Voltei querendo lhe telefonar, e marcar a visita tantas vezes adiada ao Pátio da Vila Sonia, recém-inaugurado, e quem sabe ainda à sua casa na Praia dos Arquitetos. Agora não sei o que dizer. Mas as ruas de São Paulo não serão mais as mesmas. Nem os trens, nem as estações, nem eu.


Releio com dificuldade o texto que escrevi para o seu último livro (João Walter Toscano, J.J.Carol, 2007):




"FIRMEZA E FLUIDEZ
Se fosse possível resumir a obra de João Walter Toscano num único projeto, seria inevitável pensar no terminal da Estação da Luz. Em certo sentido, esse parece ser o ponto culminante de um longo processo iniciado duas décadas antes, no Largo 13, com a premiada estação à qual se seguiu a linhagem de projetos urbanos que hoje constitui um dos veios mais fortes da obra de Toscano.

À diferença, no entanto, de seus antecedentes – como a própria Estação Largo 13, o Terminal Princesa Isabel ou a Estação Pêssego – o projeto para a Estação da Luz não tem presença na paisagem de São Paulo. A não ser pela sinalização visual, não se tem notícia do projeto até que se mergulhe sob a gare centenária. Só então a arquitetura de Toscano se apresenta: uma via de comércio banhada por luz zenital, bilheterias, salas de operação, escadas rolantes, plataformas de embarque e desembarque. Uma rede de espaços por onde circula, dia e noite, o fluxo espantoso de passageiros que constitui nada menos que a própria atividade estruturadora do projeto.

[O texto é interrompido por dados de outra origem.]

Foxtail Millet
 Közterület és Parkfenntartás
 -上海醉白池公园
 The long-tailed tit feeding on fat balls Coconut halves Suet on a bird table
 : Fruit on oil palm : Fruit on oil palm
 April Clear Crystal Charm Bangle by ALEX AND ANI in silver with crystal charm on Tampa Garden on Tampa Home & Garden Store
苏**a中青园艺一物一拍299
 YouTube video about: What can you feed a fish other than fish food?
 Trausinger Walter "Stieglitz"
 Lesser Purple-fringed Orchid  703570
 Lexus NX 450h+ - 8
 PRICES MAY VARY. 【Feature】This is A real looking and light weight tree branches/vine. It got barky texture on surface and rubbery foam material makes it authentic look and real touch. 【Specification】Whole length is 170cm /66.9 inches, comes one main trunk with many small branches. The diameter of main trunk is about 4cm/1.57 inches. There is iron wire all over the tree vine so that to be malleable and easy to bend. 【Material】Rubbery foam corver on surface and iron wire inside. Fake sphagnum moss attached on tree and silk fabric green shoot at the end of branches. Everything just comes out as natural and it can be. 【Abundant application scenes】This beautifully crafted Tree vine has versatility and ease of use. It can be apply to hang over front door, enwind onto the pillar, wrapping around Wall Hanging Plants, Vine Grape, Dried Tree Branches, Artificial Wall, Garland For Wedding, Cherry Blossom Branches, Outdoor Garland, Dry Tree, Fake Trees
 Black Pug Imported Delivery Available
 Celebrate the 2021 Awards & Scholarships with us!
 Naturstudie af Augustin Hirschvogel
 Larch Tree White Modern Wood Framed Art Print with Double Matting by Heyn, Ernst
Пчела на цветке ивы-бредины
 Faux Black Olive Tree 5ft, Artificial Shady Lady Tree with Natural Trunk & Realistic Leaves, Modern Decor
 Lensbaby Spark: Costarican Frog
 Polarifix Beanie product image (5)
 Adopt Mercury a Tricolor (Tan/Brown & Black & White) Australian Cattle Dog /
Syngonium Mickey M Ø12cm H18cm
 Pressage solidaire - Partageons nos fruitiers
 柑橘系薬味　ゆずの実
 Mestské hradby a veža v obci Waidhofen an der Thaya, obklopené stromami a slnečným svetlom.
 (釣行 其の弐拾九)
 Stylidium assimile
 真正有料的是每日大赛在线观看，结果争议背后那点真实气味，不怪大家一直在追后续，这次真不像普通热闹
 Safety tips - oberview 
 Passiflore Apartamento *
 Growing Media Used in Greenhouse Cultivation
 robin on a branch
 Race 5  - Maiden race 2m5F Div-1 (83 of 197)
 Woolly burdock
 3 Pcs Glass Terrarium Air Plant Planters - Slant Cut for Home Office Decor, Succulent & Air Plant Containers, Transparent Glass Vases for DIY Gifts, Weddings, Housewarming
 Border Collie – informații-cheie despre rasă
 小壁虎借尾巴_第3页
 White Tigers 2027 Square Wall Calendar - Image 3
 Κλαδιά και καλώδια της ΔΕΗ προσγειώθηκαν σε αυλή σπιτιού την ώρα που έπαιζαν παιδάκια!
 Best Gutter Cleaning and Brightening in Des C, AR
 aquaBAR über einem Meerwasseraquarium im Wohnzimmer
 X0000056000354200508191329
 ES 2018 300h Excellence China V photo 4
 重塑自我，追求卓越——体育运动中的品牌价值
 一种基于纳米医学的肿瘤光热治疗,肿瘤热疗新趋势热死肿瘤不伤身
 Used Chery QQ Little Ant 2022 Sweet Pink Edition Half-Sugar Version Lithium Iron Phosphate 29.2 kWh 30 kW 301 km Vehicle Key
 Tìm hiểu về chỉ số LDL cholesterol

O desafio está justamente em confrontar-se com esse transitar coletivo e intermitente que a bem dizer resume o cotidiano metropolitano. E isso implica, claro, uma espécie de raciocínio essencialmente refratário a qualquer ordem estável, além de uma problematização da própria categoria tradicional de espaço. Nesse sentido, a experiência que essa arquitetura produz – projeto por princípio sem exterioridade nem forma – parece encontrar pontos de contato com a definição de “arquitetura líquida” de Ignasi Solá-Morales: “uma arquitetura que substitui a firmeza pela fluidez e a primazia do espaço pela primazia do tempo”
. Mas essa definição só caberia, para Toscano, até certo ponto. Longe de se bater contra o atributo vitruviano, o arquiteto sustenta a tensão entre firmeza e fluidez, e não se apressa em resolvê-la. "

Que o Rio guarde pelo menos um dos últimos projetos de Toscano, apresentado no concurso para a biblioteca da PUC.